While the move could see the New York-Italian themed restaurant chain disappear from a number of locations across the country, it might lead to some good news for fans of Wagamama.

Glasgow Times:

What has the company told investors?

The company, which had not commented on the closure reports, told investors on Monday, June 8, that it is “in discussions with our landlords regarding potential restructuring options for our leisure estate”.

TRG’s leisure restaurant business primarily consists of Frankie & Benny’s, but also covers its Wagamama, Coast to Coast and Garfunkel’s chains.

Glasgow Times:

What about Wagamama?

While the company is focusing on re-evaluating its portfolio of Frankie & Benny's restaurants, it has said that its Wagamama business, airport concession and pub operations - all of which are also owned by The Restaurant Group - will not be affected by these discussions.

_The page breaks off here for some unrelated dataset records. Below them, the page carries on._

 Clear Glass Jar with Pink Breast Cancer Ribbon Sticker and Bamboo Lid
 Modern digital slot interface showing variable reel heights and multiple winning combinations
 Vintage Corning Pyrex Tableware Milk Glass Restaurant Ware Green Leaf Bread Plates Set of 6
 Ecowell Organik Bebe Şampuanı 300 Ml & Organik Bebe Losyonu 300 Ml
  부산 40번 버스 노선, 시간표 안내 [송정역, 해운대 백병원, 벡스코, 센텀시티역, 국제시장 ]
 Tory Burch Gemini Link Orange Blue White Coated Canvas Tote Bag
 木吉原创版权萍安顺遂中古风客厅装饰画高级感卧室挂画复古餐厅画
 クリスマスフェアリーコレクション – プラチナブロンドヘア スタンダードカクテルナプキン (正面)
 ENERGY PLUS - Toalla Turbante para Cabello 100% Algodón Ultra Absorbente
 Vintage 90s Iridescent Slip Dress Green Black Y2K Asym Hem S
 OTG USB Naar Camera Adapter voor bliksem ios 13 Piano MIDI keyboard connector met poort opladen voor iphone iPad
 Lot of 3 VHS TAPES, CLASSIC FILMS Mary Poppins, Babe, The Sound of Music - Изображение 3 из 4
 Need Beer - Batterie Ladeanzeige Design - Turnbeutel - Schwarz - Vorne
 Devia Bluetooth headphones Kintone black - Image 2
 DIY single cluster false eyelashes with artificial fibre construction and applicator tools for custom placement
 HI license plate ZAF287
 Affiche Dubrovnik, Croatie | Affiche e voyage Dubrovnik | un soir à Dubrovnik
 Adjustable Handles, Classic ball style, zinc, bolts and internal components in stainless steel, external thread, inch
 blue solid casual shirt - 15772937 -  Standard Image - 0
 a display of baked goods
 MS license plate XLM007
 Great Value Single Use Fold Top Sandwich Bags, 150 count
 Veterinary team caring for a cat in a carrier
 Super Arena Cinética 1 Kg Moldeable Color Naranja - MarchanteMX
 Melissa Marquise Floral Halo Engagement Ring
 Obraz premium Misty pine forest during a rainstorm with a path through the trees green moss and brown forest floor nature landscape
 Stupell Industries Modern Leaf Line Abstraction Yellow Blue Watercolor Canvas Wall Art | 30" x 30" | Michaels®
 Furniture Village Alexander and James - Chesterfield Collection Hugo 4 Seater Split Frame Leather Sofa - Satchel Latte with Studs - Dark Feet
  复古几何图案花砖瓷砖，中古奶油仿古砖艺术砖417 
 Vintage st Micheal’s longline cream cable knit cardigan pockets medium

Earlier in the year, the company unveiled plans in February to close a large number of Frankie & Benny's stores, but vowed to limit job losses by converted a small number of branches into Wagamama and 'redeploy' as many staff as possible to work there.

However, since fresh news emerged of the company's cost-cutting plans last week, it remains unclear if The Restaurant Group are still considering such an idea.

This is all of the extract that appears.